Work instruction: What you should give back is every line from the one containing "Womens UK Size" through the last line of the records below, word for word and without pictures.

[Opening Data supplied section]

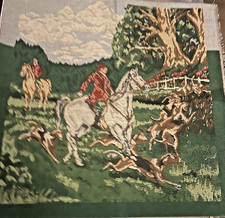 VTG English Fox Hunting Tapestry Woven Throw Pillow Panel 19"x18" Horses Hounds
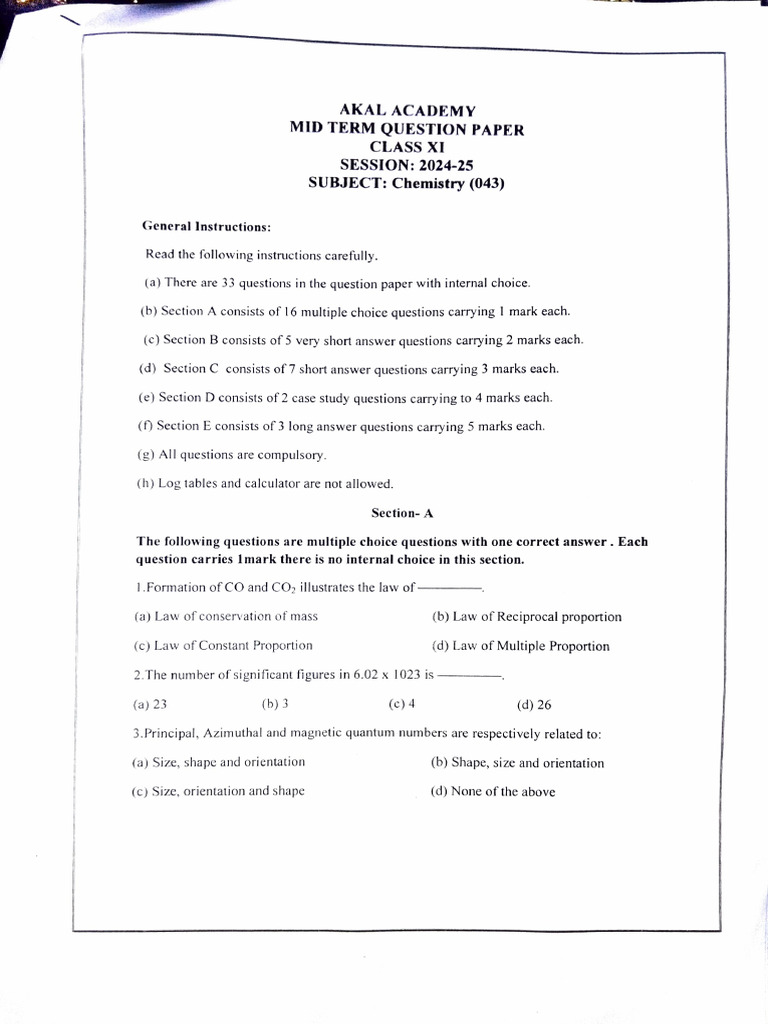 Chemistry Class 11 Mid Term Previous Year Paper | PDF | Chemical Bond ...
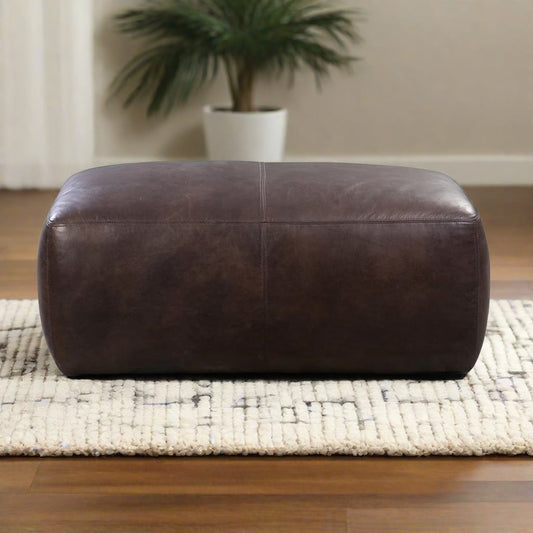 Handmade Rectangular Leather Pouf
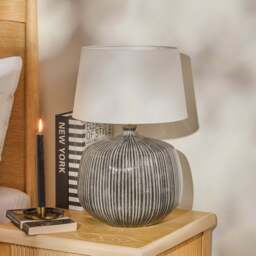 Tongham 31cm Ceramic Lamp Base - Dark Grey - thumbnail 1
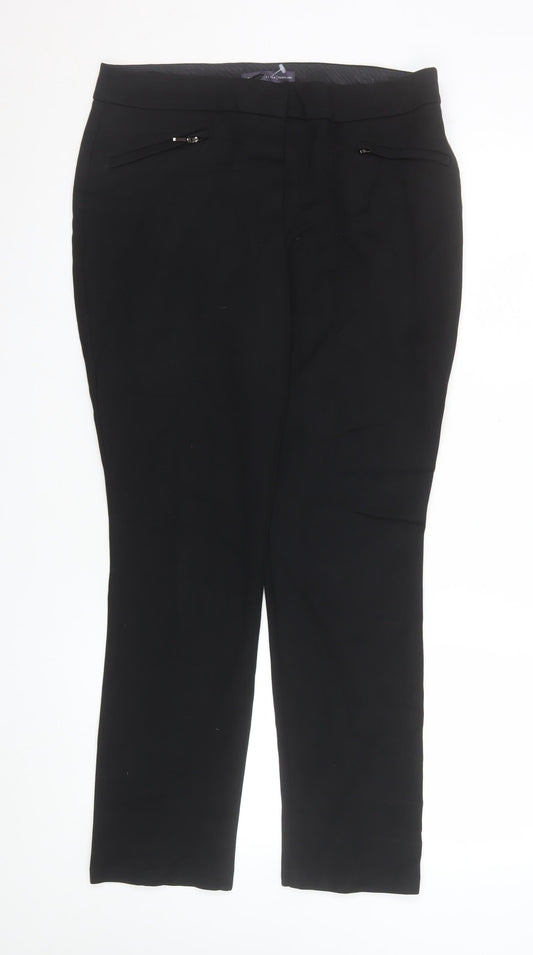 Womens UK Size 12 Marks and Spencer Slim Fit Business Casual Workwear Black Trou
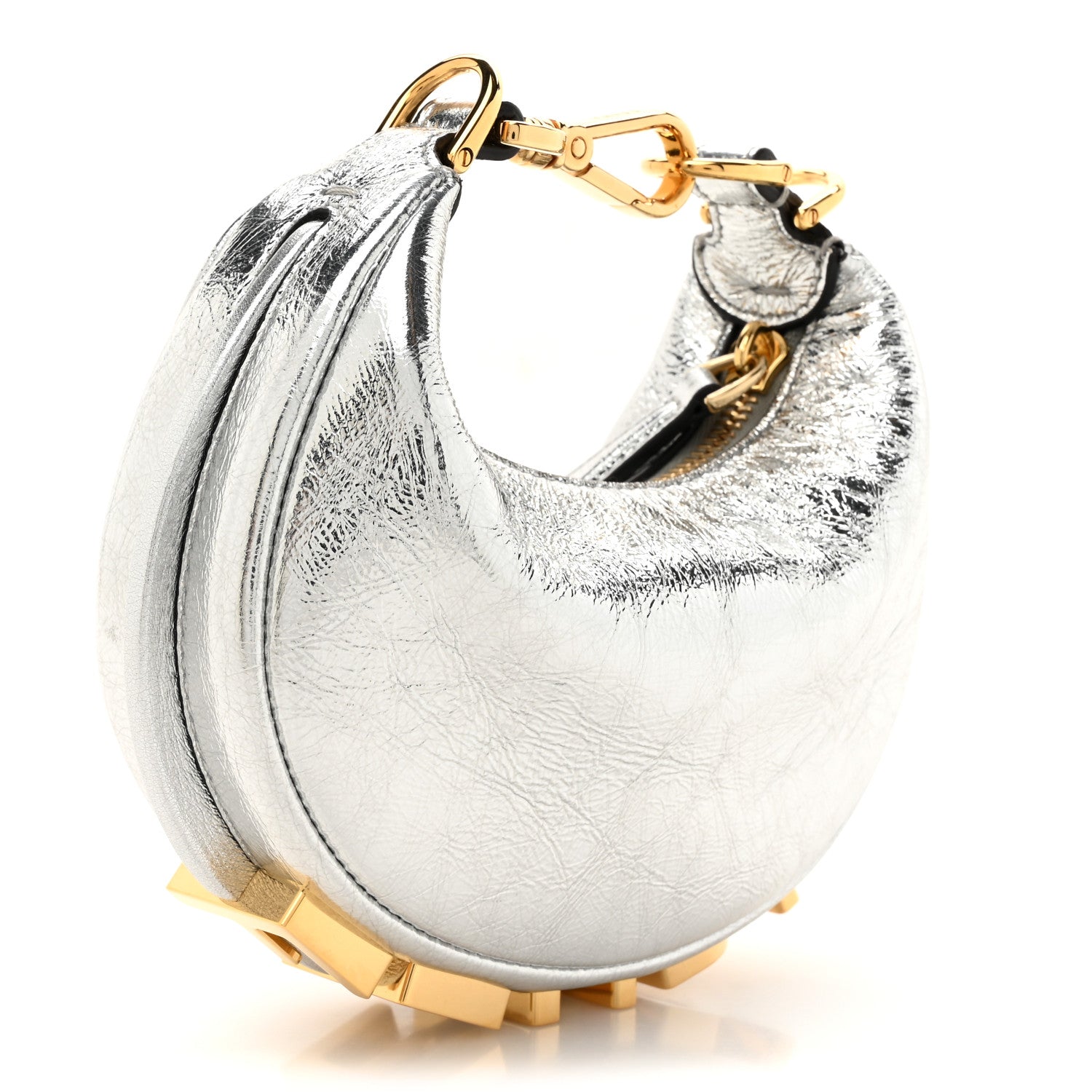 Fendi Rock Millenium Nano Fendigraphy Hobo Charm Argento 3 of 10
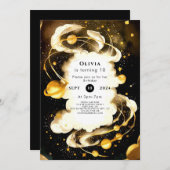 Invitation Boho Comet Space Anniversaire (Devant / Derrière)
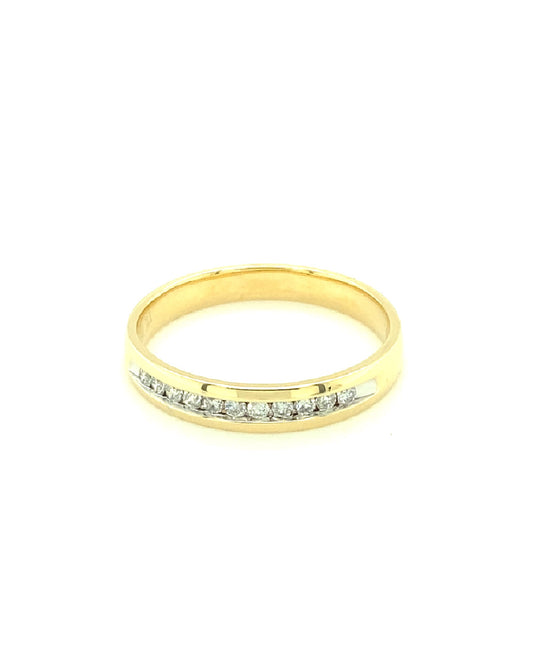 Diamonds Channel Setting 1 Row Diamond Ring 0.23 Ct Rings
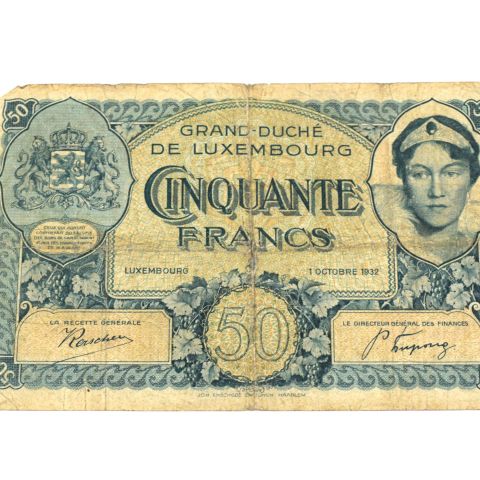 Billet de 50 Francs 1932, Grande-Duchesse Charlotte, traces d'usure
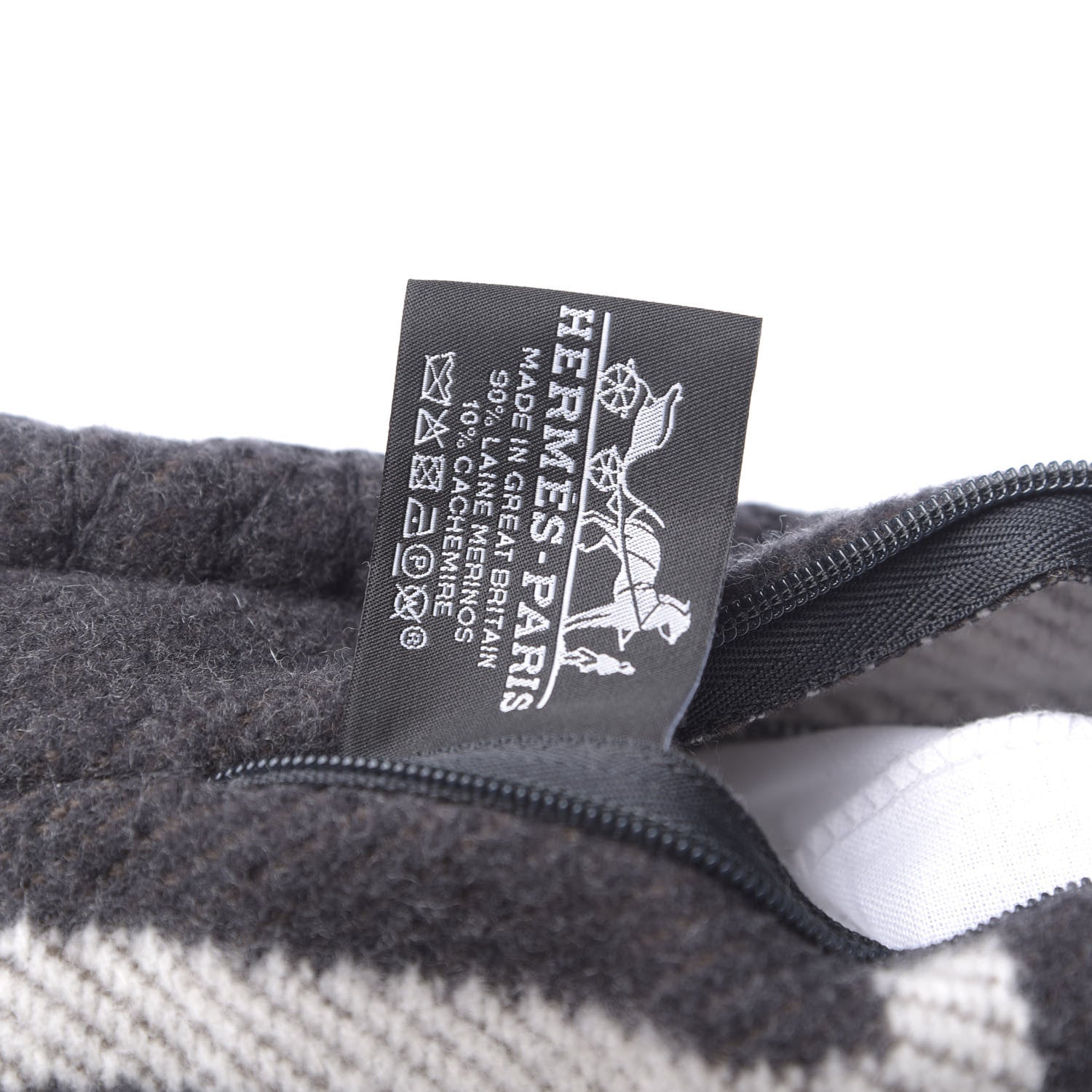 Hermes Wool Cashmere Avalon Pillow PM Ecru Gris Fonce 5 of 5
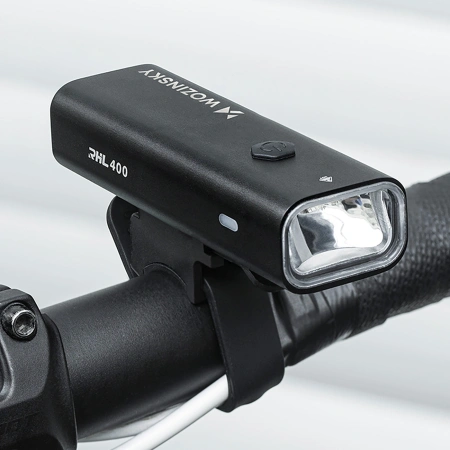 WOZINSKY ZESTAW LAMPEK ROWEROWYCH PRZEDNIA 400 LM USB-C TYLNA MICRO
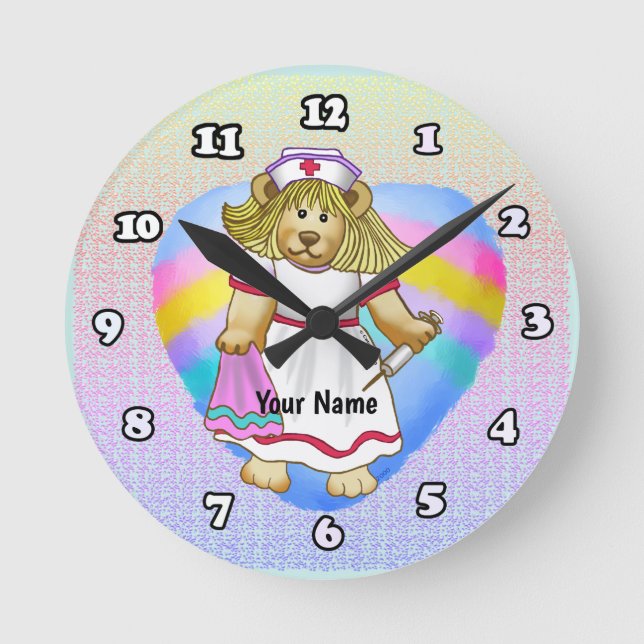 Horloge Ronde Betsy Bear Nurse (Recto)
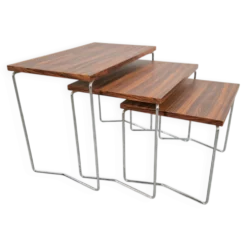Tables gigognes en chrome et bois de Brabantia, années 1970, ensemble de 3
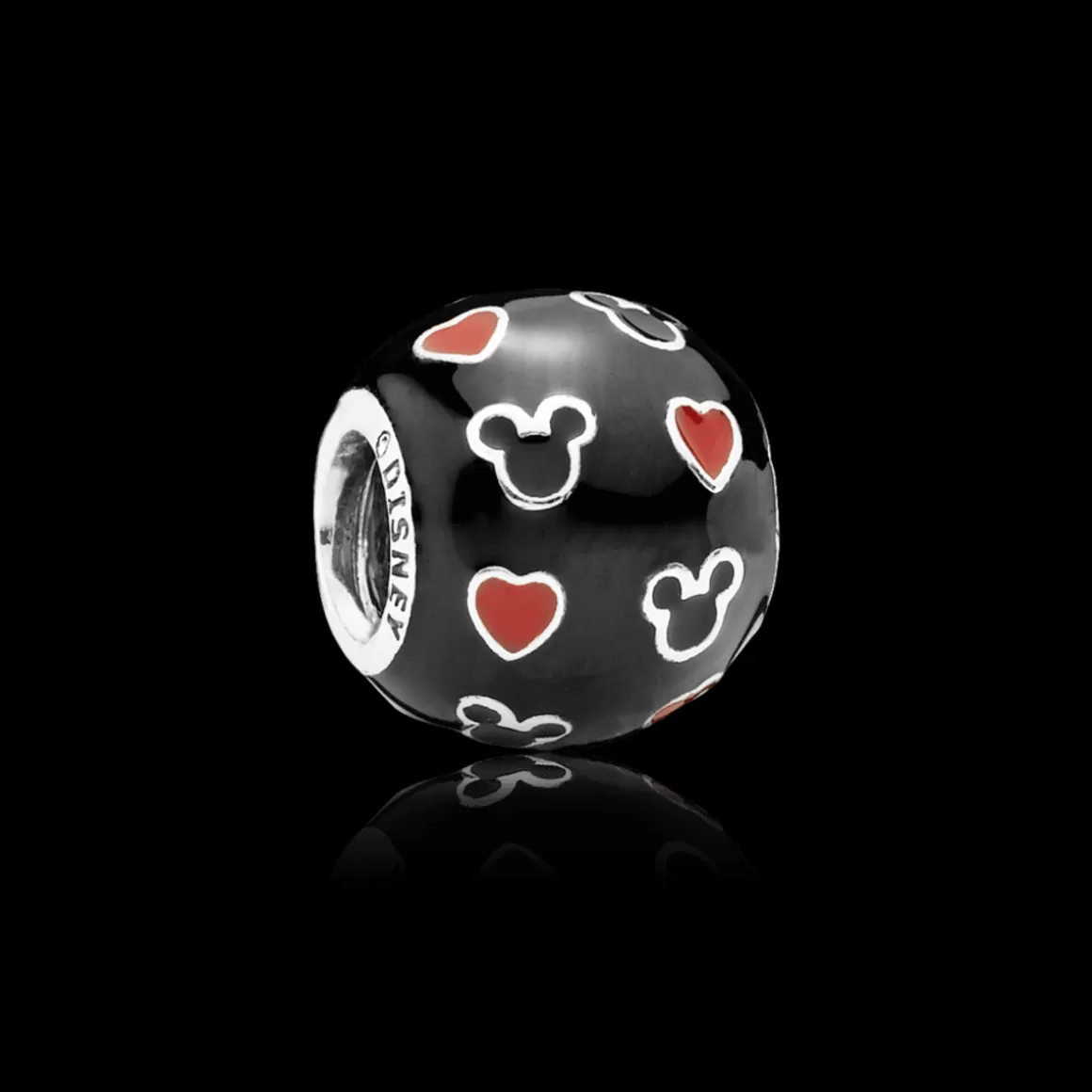 Pandora Charms De Prata-Charm Prata Disney Mickey Em Esmalte Preto E Vermelho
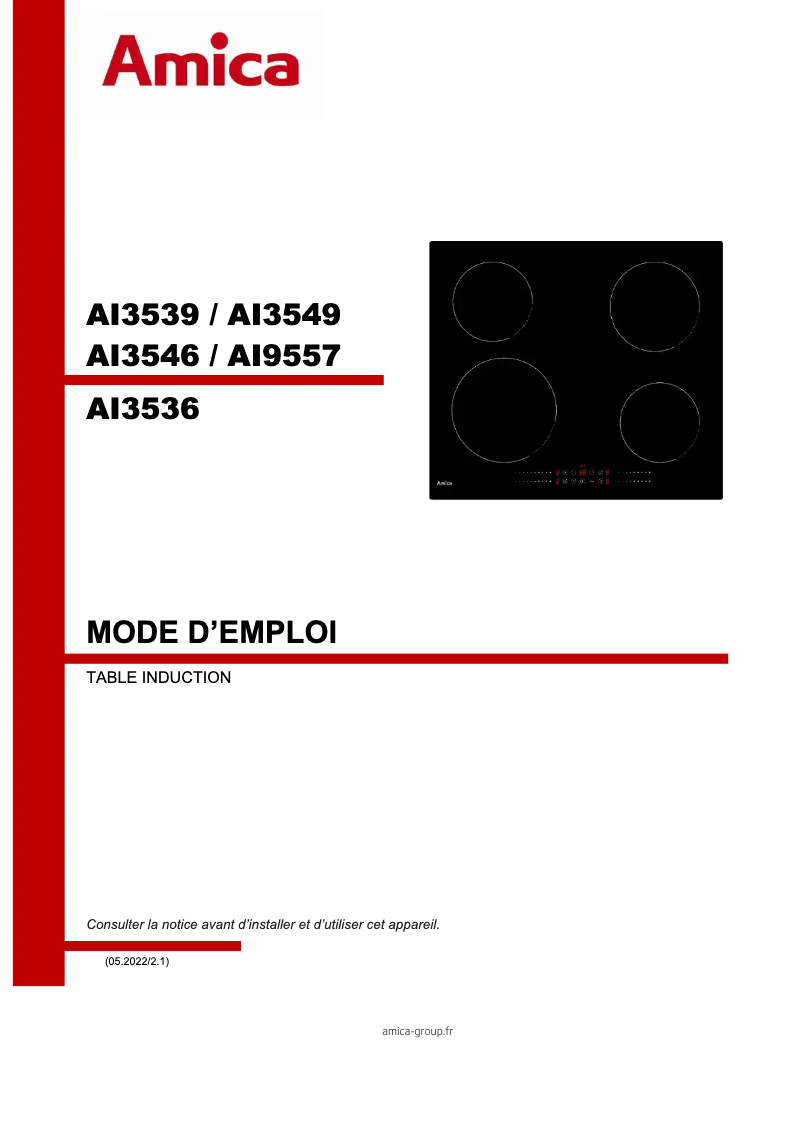 Page n°1 - Manuel utilisateur Amica AI3536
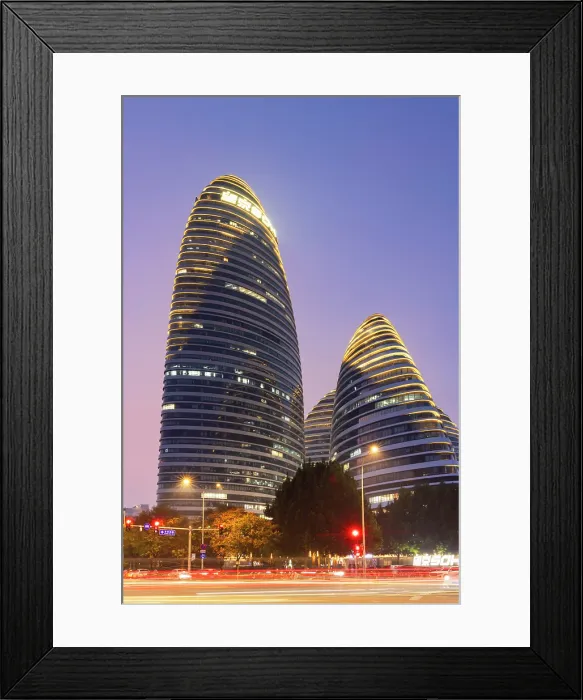 Framed Print : Wangjing SOHO complex at dusk, Chaoyang, Beijing, China Framed Print : Wangjing SOHO complex at dusk, Chaoyang, Beijing, China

[Closing Data supplied section]

Solution for this exercise:
 Womens UK Size 12 Marks and Spencer Slim Fit Business Casual Workwear Black Trou
 Fendi Rock Millenium Nano Fendigraphy Hobo Charm Argento 3 of 10
 Invitation Boho Comet Space Anniversaire (Devant / Derrière)
 Diamonds Channel Setting 1 Row Diamond Ring 0.23 Ct Rings
 Billet de 50 Francs 1932, Grande-Duchesse Charlotte, traces d'usure
 Hermes Wool Cashmere Avalon Pillow PM Ecru Gris Fonce 5 of 5
 WOZINSKY ZESTAW LAMPEK ROWEROWYCH PRZEDNIA 400 LM USB-C TYLNA MICRO
 Horloge Ronde Betsy Bear Nurse (Recto)
Tables gigognes en chrome et bois de Brabantia, années 1970, ensemble de 3
 Pandora Charms De Prata-Charm Prata Disney Mickey Em Esmalte Preto E Vermelho
 Page n°1 - Manuel utilisateur Amica AI3536
 Framed Print : Wangjing SOHO complex at dusk, Chaoyang, Beijing, China Framed Print : Wangjing SOHO complex at dusk, Chaoyang, Beijing, China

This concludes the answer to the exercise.